Me llamó la atención la ausencia total de artificio. Las mesas metálicas estaban limpias, las herramientas gastadas por uso continuo y nadie hacía el gesto de vender una imagen pintoresca. La familia trabajaba con una naturalidad que desmonta cualquier idea de “taller para turistas”. Si la producción ha sobrevivido a los giros comerciales del delta no es por marketing, sino por haber preservado un método fiable, casi austero.

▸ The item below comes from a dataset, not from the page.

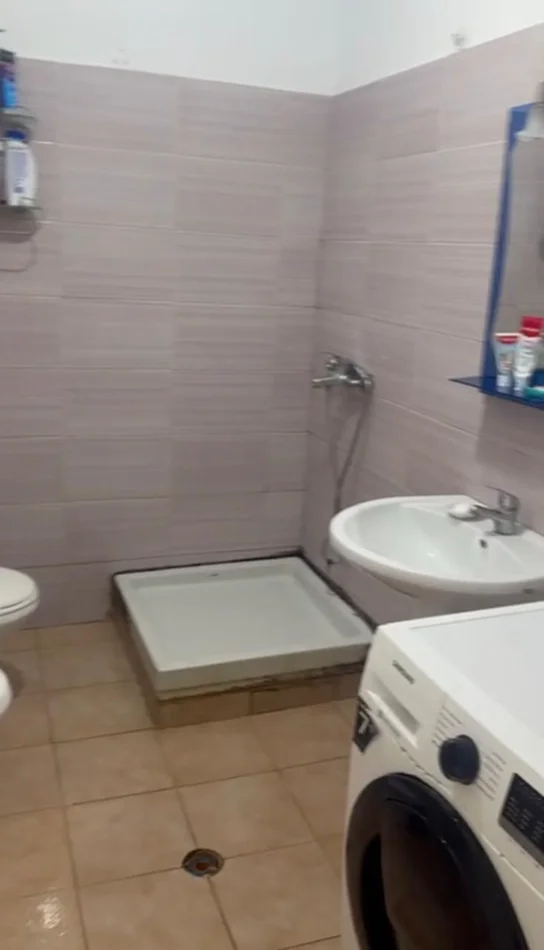 Tirane, shitet apartament 2+1+Aneks+Ballkon Kati 2, 114 m² 165.000 € (Amerikan 3)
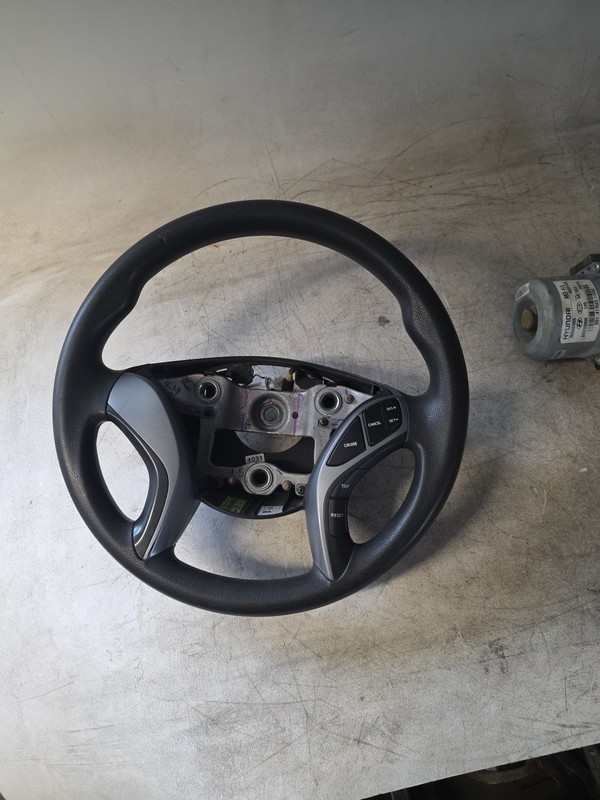 2014-2016 Hyundai Elantra Black Steering Wheel w/ Cruise 56110-3Y100RY OEM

En una estantería lateral se exhiben botellas de vino de arroz infusionado con serpiente. No estaban expuestas como atracción ...pero por su exotismo no pueden evitar convertirse en ello; además de ser una línea de negocio añadida que complementa el ingreso familiar. Los viajeros se encuentran divididos entre el escepticismo (“esto lo hacen para turistas”) y la curiosidad (“si escoges bien la botella, sorprende el sabor”). Lo que más se repetía allí era la duda sobre su salubridad, pero aquí nadie hacía grandes declaraciones. Pregunté por el proceso y un trabajador, sin detener su trabajo con el dulce, comentó que la clave era “dejar reposar, no corregir demasiado”. Esa frase me pareció una síntesis perfecta del lugar: técnica, constancia y cero dramatismo.
Se diría que este licor forma parte del ecosistema comercial del Mekong, más por tradición y demanda que por voluntad de espectáculo. El taller lo incorpora sin alterar su identidad principal: la producción del cốm kẹo sigue siendo el centro de gravedad. El dulce mantiene la textura y la regularidad que se pierde en entornos más industrializados, y el vino de serpiente convive allí sin robar demasiado el protagonismo. Es un fragmento honesto del día a día del delta, donde oficios pequeños y economías paralelas se entrelazan sin necesidad de justificarse.